| Problem details |
Repeat exactly the lines below, from the line containing "Blaze/Neon Orange Mossy" through the last line, both included. Leave out any pictures.
*** Opening of Available data ***
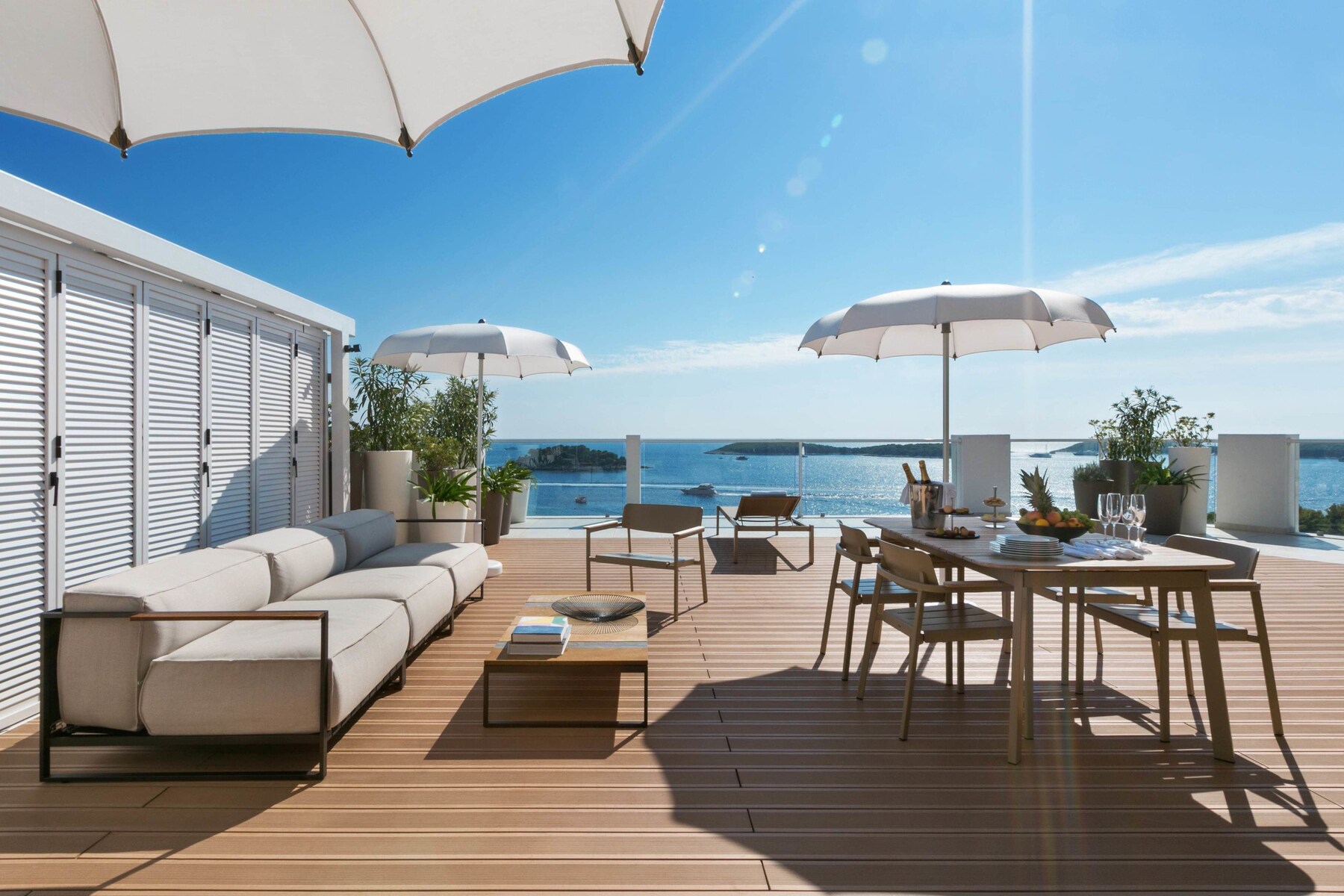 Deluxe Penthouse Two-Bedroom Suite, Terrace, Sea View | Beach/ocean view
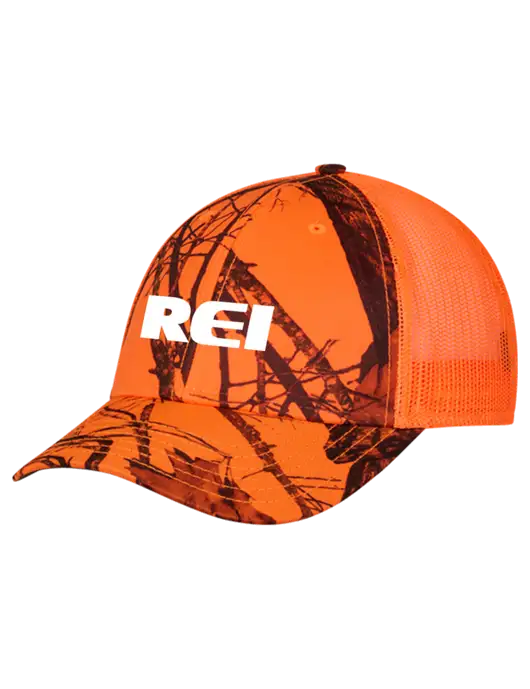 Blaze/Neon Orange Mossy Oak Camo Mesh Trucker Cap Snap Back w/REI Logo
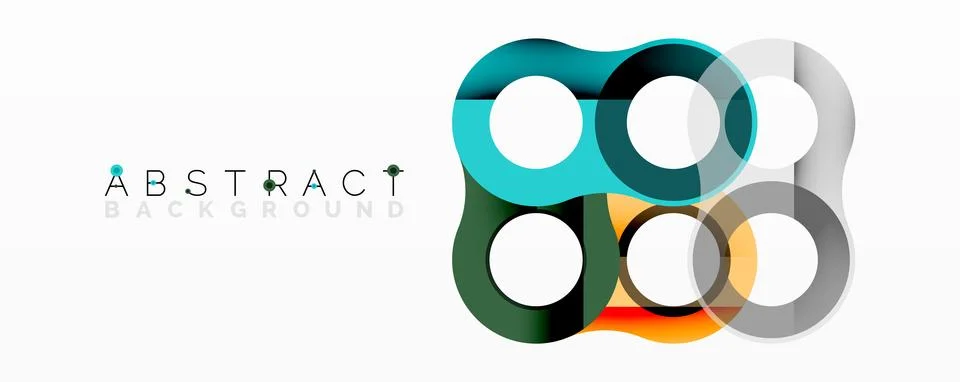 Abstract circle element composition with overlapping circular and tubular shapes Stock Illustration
*** Close of Available data ***
| Exercise response |
 Blaze/Neon Orange Mossy Oak Camo Mesh Trucker Cap Snap Back w/REI Logo
 Abstract circle element composition with overlapping circular and tubular shapes Stock Illustration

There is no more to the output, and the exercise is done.